How could I sleep when my beloved pet was lost and afraid, lost where she could become coyote-morsel anytime? I could because of my trust in God and also because of my relationship - which has given me knowledge and understanding - of Smokie. At first I was devastated and like my husband I wanted to just spend all night looking for her. But such thoughtless compassion is easy for me to feel and sometimes is self-deceiving (it makes me feel good that *I* am doing something). Compassionate interactions, on the other hand, especially coupled with the practice of spiritual discernment are tougher.

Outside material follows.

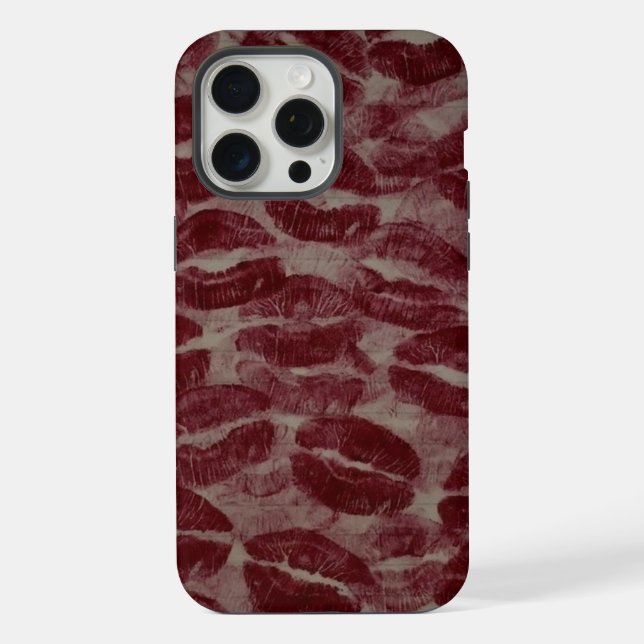 Coque iPhone Étui de téléphone à empreinte de baiser au rouge à (Verso)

These require me to be a good listener and pay attention to details about the object of my compassion - be it a cat or a needy stranger.  Such discernment often requires waiting on, insight from, and trust, in God. In this case, I knew Smokie did not want to run away, that she'd find a snug spot not too far away and stay there. This was because of my daily experience with her (see below). I also knew that of late Smokie had been itching for a taste of freedom and adventure and that she would be none the worse for her little taste.  I trusted in God, left everything in his hands, and went to sleep. I have learned that good self-care is important too. And, in the end it paid off. I got my sleep and Smokie had her little adventure, and is none the worse for it. [My husband, I am hoping, has also learned some lessons here besides Smokie too :).]

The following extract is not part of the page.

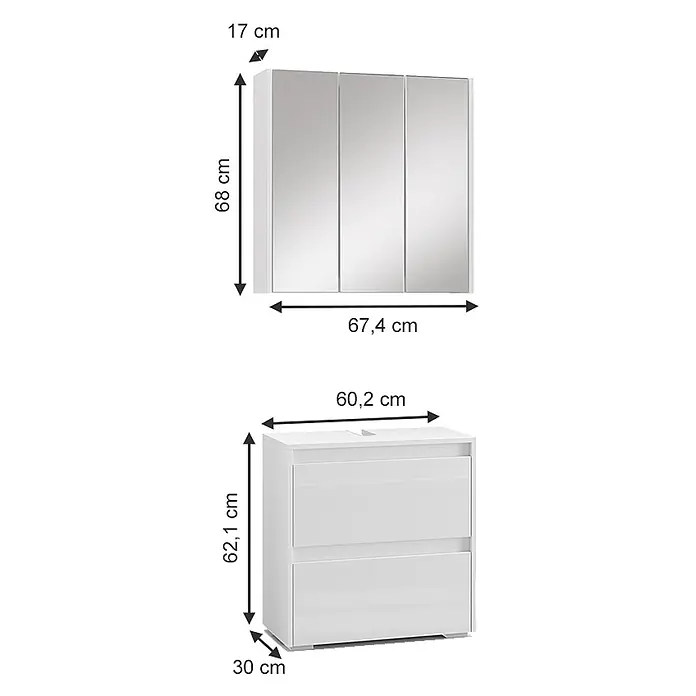 Vicco Badmöbel-Set Majest Weiß 2 Teile - Gesamtbreite Badmöbel: 60,2 cm, Weiß Hochglanz, Glänzend - Weißer Spiegelschrank (67,4x68x17 cm) und Waschtischunterschrank (60,2x62,1x30 cm) mit Schubladen für das Badezimmer.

We got Smokie from the Animal Rescue Shelter, about 9 years ago, when she was about 6 months old. When we brought her home, she wouldn't leave me, clinging to me all night, suffocating me! Later, of course, she became a lot more independent but as I got to know her, I realized that although she was a lot smarter than Raja (our other pet cat), Smokie was even more timid and fearful than he. Thus, like Raja, our other indoor cat, we kept Smokie inside the house all the time. Except, Smokie whom we'd got as a replacement for our beloved dog who'd passed away, and Raja did not get along.  A few years ago, in an attempt to get the two of them more accustomed to each other, I started to take both into the backyard with me. This soon become a daily ritual. Now, even though I've given up the habit of reading my Bible in the backyard, Smokie asks daily and gets to go into our walled garden, sometimes twice a day. I do my kitchen chores while she is out there and when I am done, I call and she comes. She doesn't always come in when I tell her time is up. Since she likes to find a spot and hide, I have to "beat the bushes" before she emerges reluctantly. In recent months she has become curious about the gate to the outside. If I accidentally leave it open she will cautiously come near and peer outside, too fearful though to walk right out, even with me right there. Raja, on the other hand, has lost all desire to go out anymore, just sleeps inside the house, on his favorite couch, sunlight warming his tired old bones and creating magical ripples of seal-point colors. :)

Lesson #2: We cannot love unless we know the person and this, I believe, is at heart of serving the needy. To love them, we must first come to know them. Thus, I am also reflecting on my experience this Saturday at our church's Breakfast Voucher program. Two of the people who came to get the vouchers, greeted me with delight. They were so very happy to see me again and even hugged me upon leaving! I remembered them only vaguely and so they refreshed my memory by recounting the details of when we first met, 6 or so months ago. One of them had brought a friend. It was the friend's first time at our church.  Both had woken up at 4 am and biked as the buses didn't run until later on Saturdays. They enjoyed sharing their stories and however, tenuous it all is, it seemed to me that relationships were being forged.  This, then, is the essence of relationship-building - if we truly want to know and serve the needy in our midst with spiritual discernment, we first have to engage with the other, by giving of ourselves, our physical presence, time, and full attention. Not just our money.